Along with the given sum $$f(n,r)=\sum_{k=0}^{n} (-1)^k \binom{2n}{k} (n-k)^r$$ consider also $$g(n,r)=\sum_{k=0}^{2n} (-1)^k \binom{2n}{k}(n-k)^r.$$
The observation (ignoring the part about odd $r$) is that, seemingly,
$f(n,r)=0$ for even $1 \le r \lt n.$
Here is a claim which looks nicer although it is really no stronger and no weaker:
$g(n,r)=0$ for $0 \le r \lt n.$
The reason the two are the same (aside from the well known case of $r=0$) is that for odd $r,$ $g(n,r)=f(n,r)-f(n,r)$ for odd $r$ and for even $r$ $g(n,r)=f(n,r)+f(n,r)+(-1)^n\binom{2n}{n}0^r.$
However there might be a nice proof for all $r$ which ignores the easier cancellation for odd $r.$
Also, we will note below that "$(n-k)^r$ for $r \lt N$" can be replaced by "$p(k)$ for any polynomial $p(t)$ of degree less than $N.$"

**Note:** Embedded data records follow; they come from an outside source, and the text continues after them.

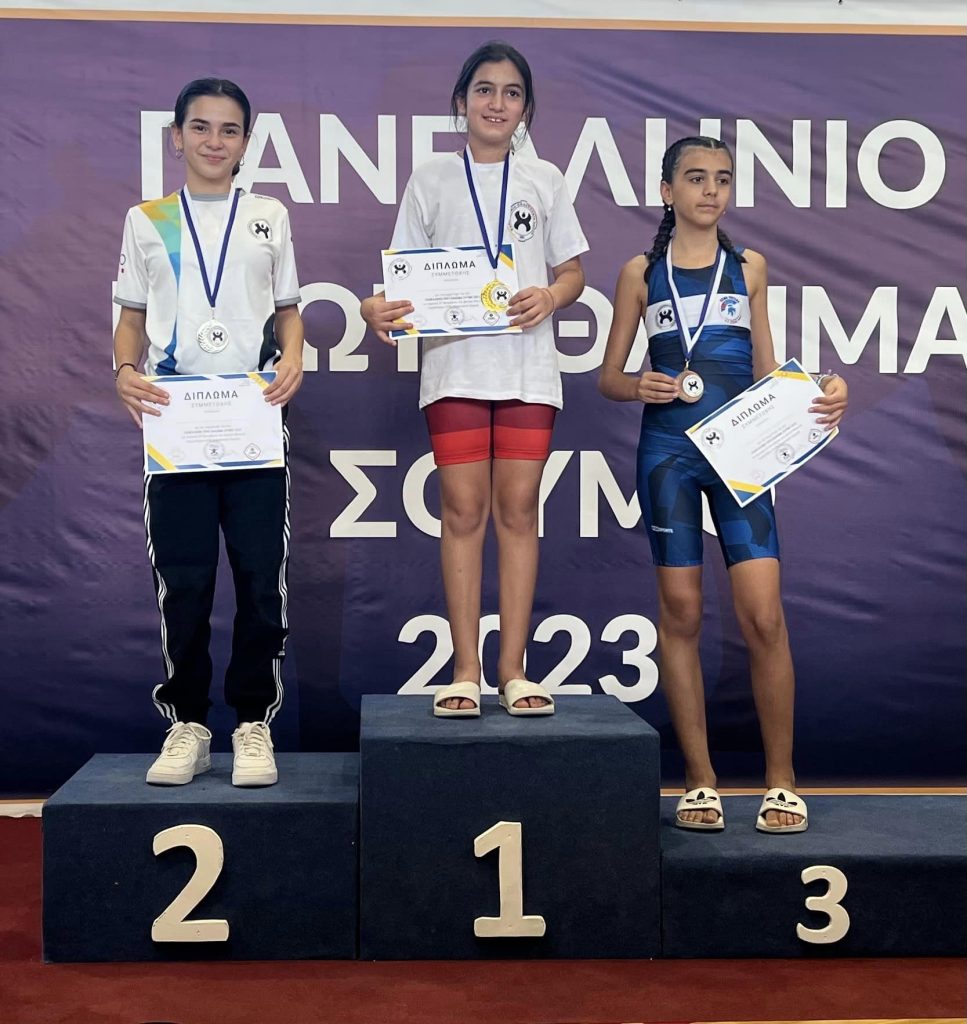 Ο ΑΣ Λέων κατέκτησε εφτά μετάλλια στο Πανελλήνιο Σούμο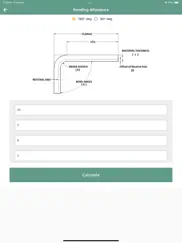 pipe offset calculator & guide ipad images 4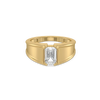 Quiet Strength - Pure Gold Lab Diamond Men's Ring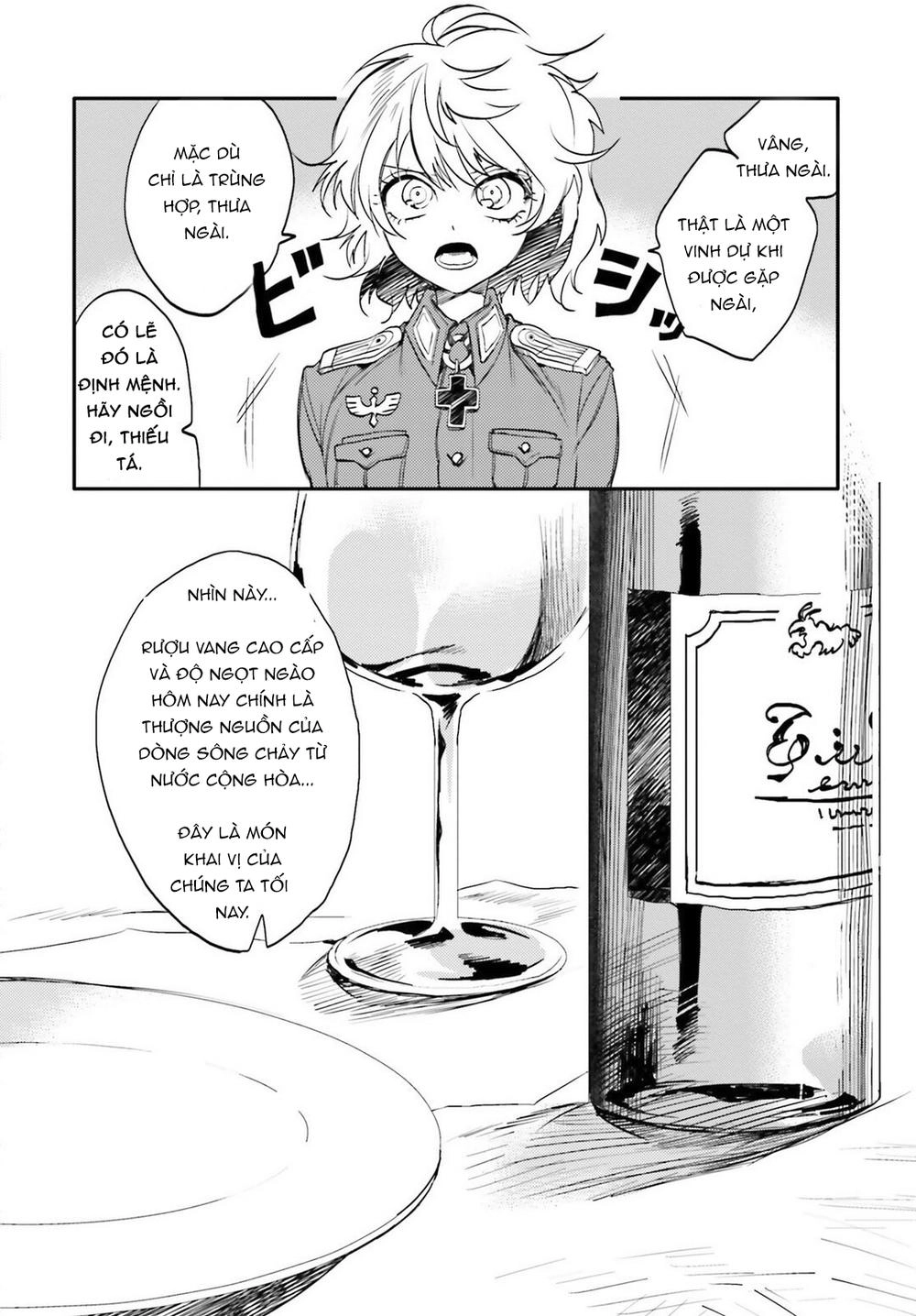 Youjo Senki Restaurant Chapter 2 - 11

The bounds on $r$ are more restrictive than needed. Computations leave one highly confident that
$f(n,r)=0$ for even $1 \le r \lt 2n.$
Equivalently
$g(n,r)=0$ for $0 \le r \lt 2n.$
of course for the rather trivial reason $g(n,r)=0$ for any odd $r.$
Since the functions $t^0,t^1,\cdots,t^{2n-1}$ are a basis for the space $P_{2n-1}(t)$ of polynomials of degree less than $2n,$ the last claim that
$\sum_{k=0}^{2n} (-1)^k \binom{2n}{k}(n-k)^r=0$ for $0 \le r \lt 2n$
is equivalent to
$\sum_{k=0}^{2n} (-1)^k \binom{2n}{k}p(n-k)=0$ for all $p \in P_{2n-1}(t)$
and hence also to
$\sum_{k=0}^{2n} (-1)^k \binom{2n}{k}q(k)=0$ for all $q \in P_{2n-1}(t)$
This fits in nicely with the remark about finite differences.
Using a different basis
$\sum_{k=0}^{2n} (-1)^k \binom{2n}{k}\binom{k}{r}=0$ for $0 \le r \lt 2n.$
Now consider for a polynomial $p=p(t)$ the sum
$$G(N,p)=\sum_{k=0}^{N} (-1)^k \binom{N}{k}p(k).$$
The previous claim
$g(n,r)=G(2n,(n-t)^r)=0$ for $0 \le r \lt 2n$
which , as explained, is equivalent to
$G(2n,p(k))=0$ for any $p\in P_{2n-1}$
Does not depend on the bound being even:
$G(N,p(k))=0$ for any $p \in P_{N-1}$
Finally, here is another perspective which follows from (and imples) some of the above. Consider the polynomials
$$h_{n,r}(t)=\sum_{k=0}^{n} t^k \binom{2n}{k}(n-k)^r.$$
The starting claim was
For even $1 \lt r \lt 2n,$ $h_{n,r}(-1)=0$ i.e. $(t+1)$ divides $h_{n,r}.$
In fact
$(t+1)^{2n-r}$ divides $h_{n,r}.$
Again, the moves of changing to $\sum_{k=0}^{2n} t^k \binom{2n}{k}(n-k)^r$ and then $\sum_{k=0}^{N} t^k \binom{N}{k}p(k)$ are possible with the last thing being divisible by $(t+1)^{N-r}$ where $r \leq N$ is the degree of $p(t).$